3 aprile 2020
Aggiornato 20:00
In via Spalato

Carcere di Udine: ennesima aggressione ai danni di una guardia

A darne notizia è Leonardo Angiulli, segretario regionale della Uil Pa Polizia Penitenziaria del Triveneto. Dalla ricostruzione fatta, in meno di due settimane 5 agenti hanno riportato lesioni abbastanza gravi guaribili da un minimo di 5 a un massimo di 30 giorni
Il carcere di Udine
Il carcere di Udine Diario di Udine

UDINE – Ancora un’aggressione nel carcere di Udine. A darne notizia è Leonardo Angiulli, segretario regionale della Uil Pa Polizia Penitenziaria del Triveneto. Dalla ricostruzione fatta, in meno di due settimane 5 agenti hanno riportato lesioni abbastanza gravi guaribili da un minimo di 5 a un massimo di 30 giorni.

L’ultimo episodio si è verificato venerdì. «Nel corso di una normale attività di polizia – racconta Angiulli – il detenuto che il 21 febbraio si era reso responsabile di un aggressione ai danni di due operatori della sicurezza, per motivi ancora poco chiari, si è letteralmente scagliato contro un assistente che si era recato all’interno della cella per i controlli periodici. Il detenuto ha aggredito l’assistente di polizia, costringendo il collega a intervenire per evitare il peggio. Soggetti di questo tipo – aggiunge – non possono essere lasciati da soli con il personale di polizia, con il servizio sanitario che dovrebbe seguire i detenuti affetti da patologie particolari».
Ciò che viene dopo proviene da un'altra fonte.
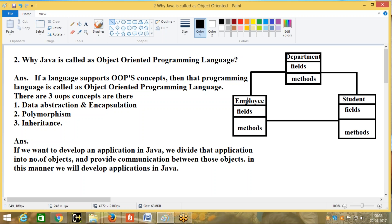So whenever you write an application in Java, please remember: we divide that application into a number of objects, and by providing interaction between those objects we develop the application. That's why Java is called object oriented. Simply, Java is called object oriented because Java totally depends on objects. So I have given two answers for this question: Why is Java called an object oriented programming language? Java is called an object oriented programming language because applications developed in Java are divided into a number of objects and we provide communication and interaction between those objects.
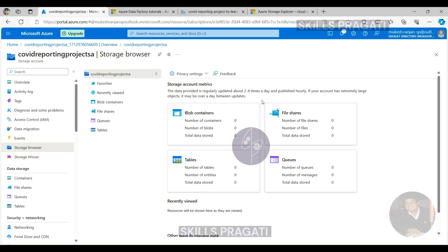For simple use cases, accessing the storage account via Azure Portal is fine, but when you're working on a large project, it becomes tedious. For example, this web user interface doesn't allow you to upload folders — we can only upload individual files. Also, you can't see all your storage accounts in one place; you need to navigate to each storage account to see the files or folders in it.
Le aggressioni alle guardie carcerarie sono in aumento e Angiulli non nasconde la propria preoccupazione. «La maggioranza delle aggressioni alla polizia penitenziaria – conclude - è perpetrata da detenuti affetti da patologie particolari, che dovrebbero essere associati in reparti ospedalieri e seguiti da personale specializzato sanitario medico paramedico».